EXERCISE DESCRIPTION → The line containing "O croata Dejan", plus every line that follows it to the end of the listing below, is what you transcribe exactly; omit all pictures.

◆ ◆ ◆ ◆ ◆

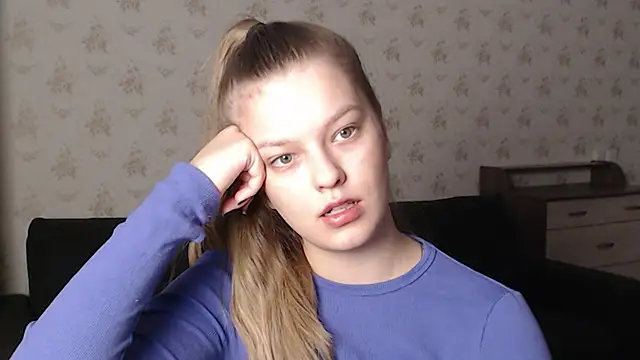 Snapshot of EmySway chatting on 24, 2, 2025 EmySway online show from 24, 2, 2025
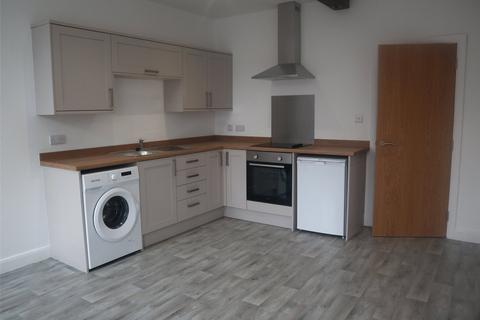 2 bedroom apartment to rent, Bradford Road, Batley, WF17
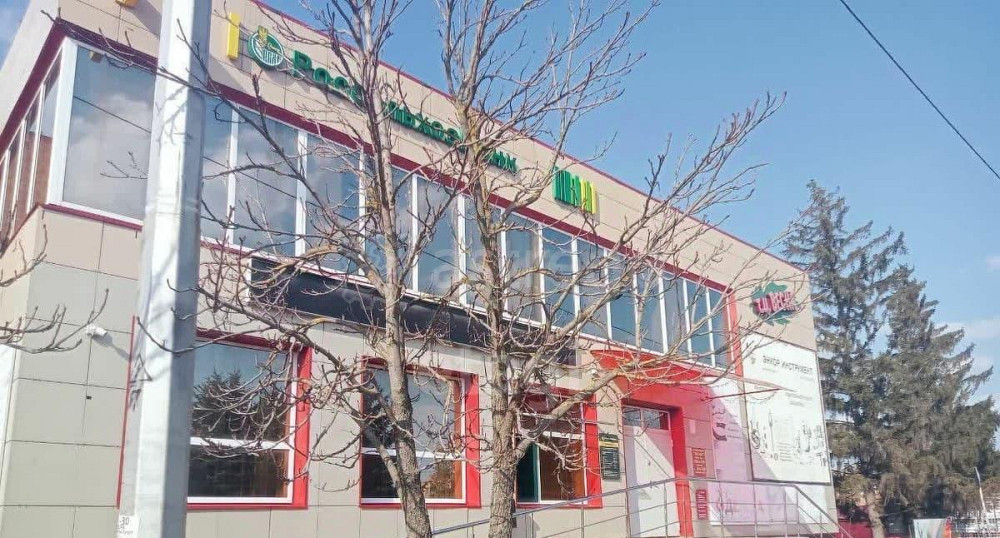 Торговое помещение, 662.3 м2 Волоконовка - изображение 1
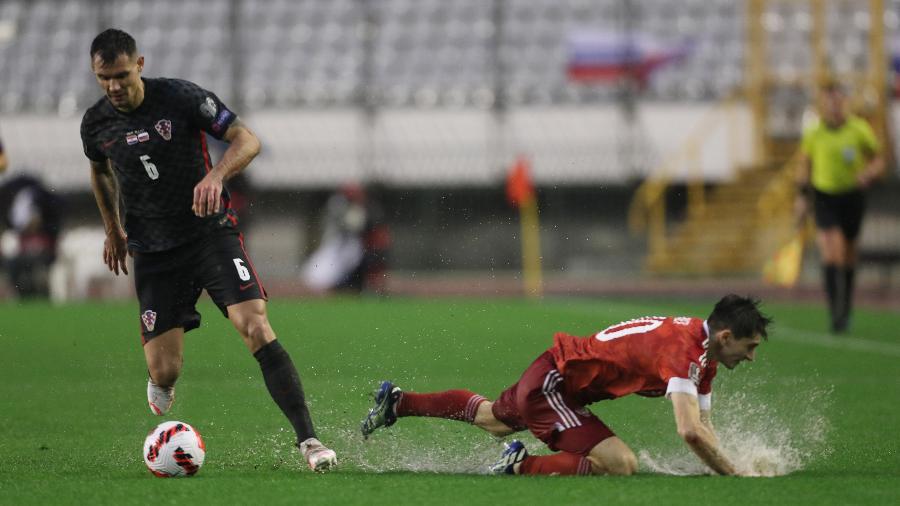 O croata Dejan Lovren disputa bola com o russo Zelimkhan Bakaev durante confronto pelo Grupo H das Eliminatórias Europeias para a Copa do Mundo do Qatar - 14/11/2021 - ANTONIO BRONIC/REUTERS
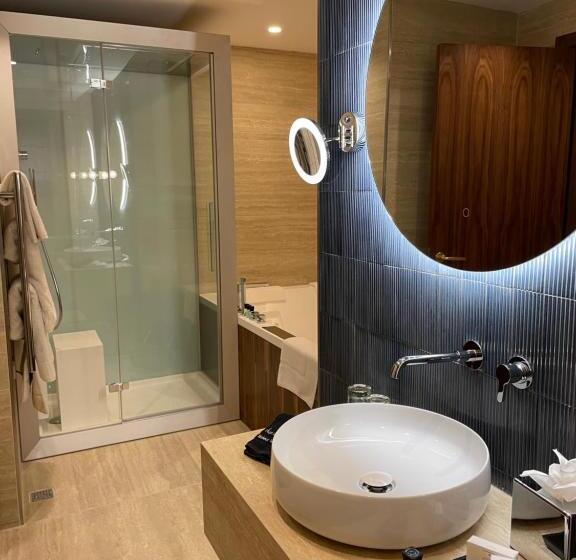 هتل The Duke Boutique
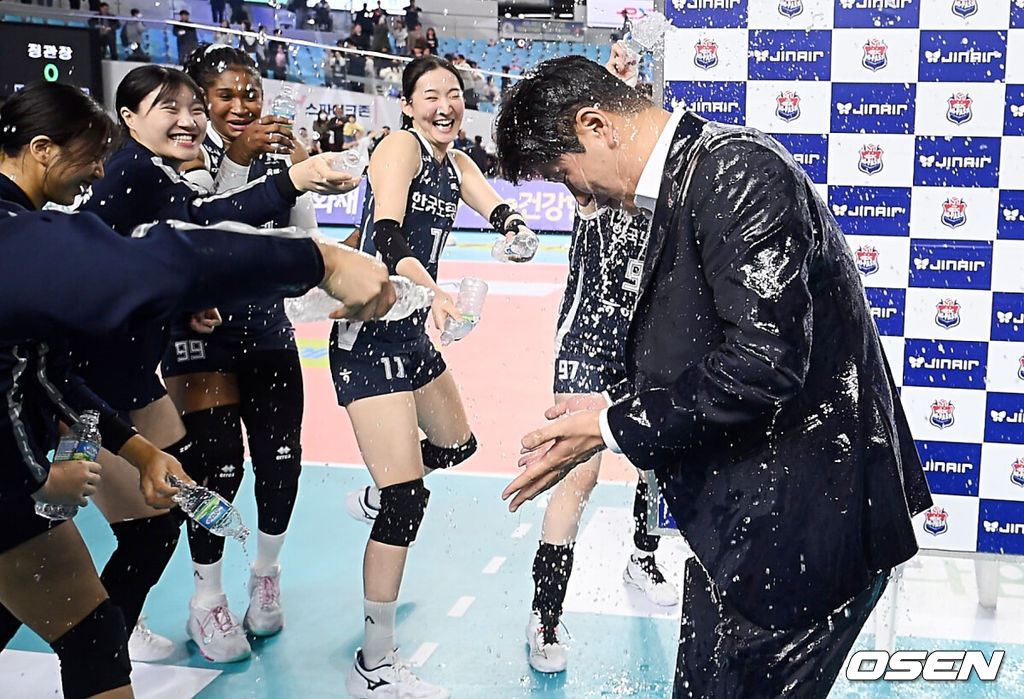 5일 김천실내체육관에서 진에어 2025-2026시즌 V리그 여자부 한국도로공사와 정관장의 경기가 열렸다. '쿠바 특급' 실바와 득점왕 경쟁을 펼치고 있는 '카메룬 괴물' 모마가 얼마나 많은 득점을 보여줄지 기대된다.한국도로공사 김종민 감독이 200승을 기록하고 선수들의 축하 물세례를 받고 있다. 2025.11.05 / foto0307@osen.co.kr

◆ ◆ ◆ ◆ ◆

SOLUTION TO THIS EXERCISE →
 O croata Dejan Lovren disputa bola com o russo Zelimkhan Bakaev durante confronto pelo Grupo H das Eliminatórias Europeias para a Copa do Mundo do Qatar - 14/11/2021 - ANTONIO BRONIC/REUTERS
 هتل The Duke Boutique
 5일 김천실내체육관에서 진에어 2025-2026시즌 V리그 여자부 한국도로공사와 정관장의 경기가 열렸다. '쿠바 특급' 실바와 득점왕 경쟁을 펼치고 있는 '카메룬 괴물' 모마가 얼마나 많은 득점을 보여줄지 기대된다.한국도로공사 김종민 감독이 200승을 기록하고 선수들의 축하 물세례를 받고 있다. 2025.11.05 / foto0307@osen.co.kr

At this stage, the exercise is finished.